Mr Burke did not dispute that attendance and had said that since his release from prison on December 21st last, he had continued to “report for work”.
Mr Burke had argued the contempt orders were unlawful but it is not his role to decide whether court orders are lawful, the judge said.
He also made orders awarding the school its costs of two pre-trial applications in the proceedings against Mr Burke.
He rejected arguments that requiring Mr Burke to pay the costs of his unsuccessful application for a stay on the main hearing of the proceedings pending the outcome of his appeal over the injunctions penalised him for his religious beliefs.
He said Mr Burke had criticised the school’s conduct of the proceedings and had described his own conduct in terms that he had “at all times conducted himself in a proper manner in these proceedings”.
“This self praise beggar’s belief,” the judge said. “There is much to be said about Mr Burke’s behaviour but it may be sufficient to observe that a person who has refused (on utterly spurious grounds) to comply with a court order for some six months has not behaved properly.”
The judge also noted the “baseless traducing”, in some submissions by Mr Burke, of other judges as well as his conduct in disrupting not one but two sittings of the chancery list in February.
He rejected arguments by Mr Burke that some admitted errors in evidence provided by the school board of management chairman, John Rogers justified the court refusing to award the school its costs of the two motions at issue.
Mr Rogers’ evidence never featured in those motions, he noted. Any infirmity in the evidence of Mr Rogers will be put to him at the main trial, in the event that Mr Rogers gives evidence, he added.
The judge noted Mr Burke had yesterday emailed an “unusual” letter to the court registrar in which he expressed concern the fines were in place for breach of an order based on the use of “false” statements.
The judge said he had dealt with that issue in a ruling of February 4th, which addressed the school’s application to correct certain statements in earlier affidavits.
He had said, because the erroneous affidavits were not put before him, the errors be brought to the attention of the relevant judges and both the school and Mr Burke were free to do that. The judge said, as far as he was aware, Mr Burke has not done so.

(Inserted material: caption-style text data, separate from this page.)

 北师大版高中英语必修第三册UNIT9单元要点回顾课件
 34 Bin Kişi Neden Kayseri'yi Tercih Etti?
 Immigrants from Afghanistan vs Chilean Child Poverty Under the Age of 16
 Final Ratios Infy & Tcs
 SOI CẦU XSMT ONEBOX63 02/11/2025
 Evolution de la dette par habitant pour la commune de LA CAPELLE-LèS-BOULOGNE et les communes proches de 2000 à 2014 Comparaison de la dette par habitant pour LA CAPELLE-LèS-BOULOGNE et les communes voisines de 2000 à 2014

It was not for him to decide whether any of his colleagues were materially influence by the “false” evidence and that was why it was neither necessary nor appropriate for him to have the question of the admitted errors in the school’s affidavits listed before him.
The main hearing of the proceedings between Mr Burke and the school is set to open at the High Court on March 28th and to run for four days. Mr Burke is separately appealing against a notice, served on January 20th, from the school board of management for his dismissal from the school.